GILLIAN LYNNE, 1926-2018

To me a dancer’s life is an amalgam of three crucial elements. The impossible and the spiritual, all wrapped up with a ribbon of passion.

Gillian Lynne,  A Dancer in Wartime

Gillian Lynne – Dame Gillian as she latterly became – rang me up out of the blue a year or two back. Her beloved husband had bought her my book, she told me, and she wanted to thank me for writing about her ‘beautifully’. I had written with admiration and affection. So it is with Gillian’s approval, so to speak, that I quote myself here by way of a eulogy.

Gillian Lynne. No sooner had I typed the name of the illustrious choreographer of Cats than I broke off to do my exercises. Gillian is the queen of the warm-up session and I was doing homage to her. She was the first person to cast me in a musical, namely Valentine’s Day, an adaptation of George Bernard Shaw’s 1897 comedy You Never Can Tell. That was in 1991, when Cats was about halfway through its twenty-one-year run and I was a mere boy of fifty-five with a shock of long white hair that had not recovered from being turned blonde four years earlier for my portrayal of Lord Peter Wimsey. But I was turned young again by Gillian’s rehearsals, or rather her morning warm-ups, even though I was playing William, the elderly waiter, who, without sacrificing any credibility – his or mine – was to become in this musical version a song-and-dance man. Gillian, ten years my senior (and still blonde), started each day on the floor in front of us, encouraging the whole cast – young dancers and ageing actors alike – to put our legs into the same interesting places in which she effortlessly put her own.

Photo by Murray Sanders

Looking back, the job had idyllic aspects to it. I lived in a charming West Sussex village with a beautiful name, East Ashling (then still unspoilt by commuter-belt ‘improvements’, plastic window frames and garage extensions), in a cottage with a free-range pig farm over the back-garden fence and a little bluebell wood opposite the front door. One morning, before Emily and the children came down to stay with me for the summer holidays, I woke up wondering who I was in bed with. Then I realized. It was me! I wished I’d been doing Gillian’s exercises all my life: who knows what heights of flexibility I might have achieved on stage – and what extra fun I might have had off! …

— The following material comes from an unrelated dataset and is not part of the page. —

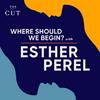 undefined Where Should We Begin? with Esther Perel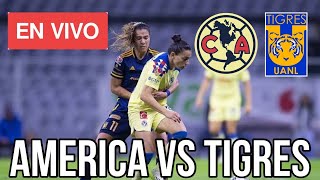 🚨América Femenil vs Tigres Femenil EN VIVO Final de Ida  Liga MX Femenil  DÓNDE Y A QUÉ HORA [upl. by Yarvis]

Rehearsing Valentine’s Day. Photo by Alastair Muir

I shall never forget the discipline and the rigour that went into my particular light-fantastic numbers in Gillian’s witty choreography. No director, unless he was a Victorian, would ever demonstrate the optimum way of doing a personal thing like a move or a gesture, but dance is a precise science. I once witnessed a rehearsal of a Soviet dance company after which an old, slightly overweight choreographer, in a Soviet suit and street shoes, clumped on-stage and approached the magnificent young creature who had just danced Le Corsaire, and, in a kind of lucid dance shorthand, demonstrated the optimum way of doing a sequence as the youngster watched attentively. Similarly, time and again, Gillian would unlock for me the quintessence of a step or the aspirational direction of a look, the turn of the shoulders or head.

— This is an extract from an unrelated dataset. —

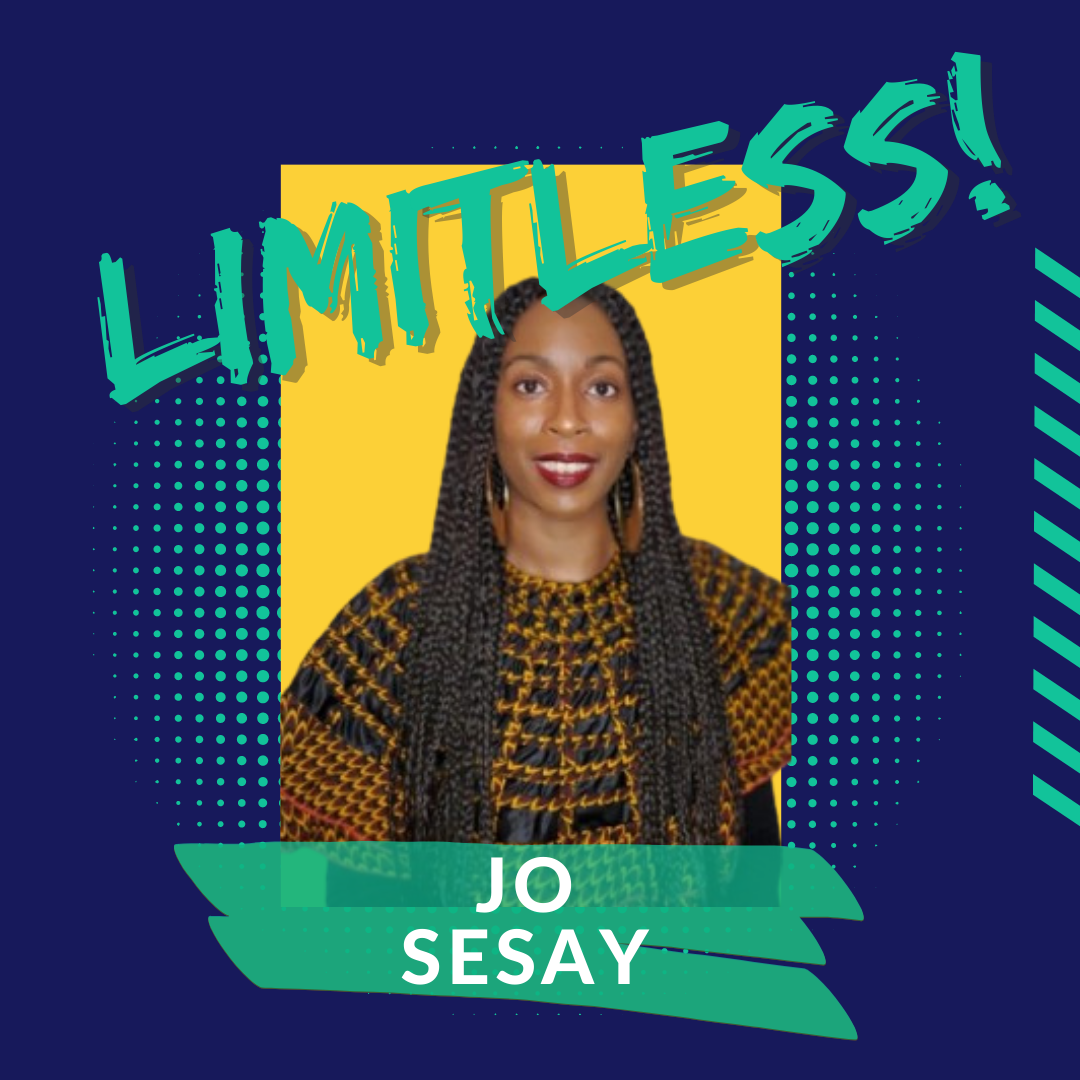 Limitless! Featuring Jo Sesay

Valentine’s Day had a small kitten’s life at Chichester and in the West End compared to the nine plus lives of Cats, which was translated into more than twenty languages. Gillian went around the world giving her personal blessing to each Cats production, whilst occasionally complaining of feeling creaky, but there is video footage to prove that, well past her seventieth year, there was nothing shorthand in her demonstrations. There is also a fuzzy video on a shelf in my house to prove that what always felt to me like myself at full stretch (because it was) does, in fact, appear light and fantastic. I thank my lucky stars, and Gillian, for the experience of that stretch and for the delicious release into song of Denis King’s music with the thrill of trying to remain quietly professional at my very first band call. I needn’t have troubled; these hard-bitten young veterans of musical theatre laugh and cry and applaud at the results! The band call is the apotheosis of belief.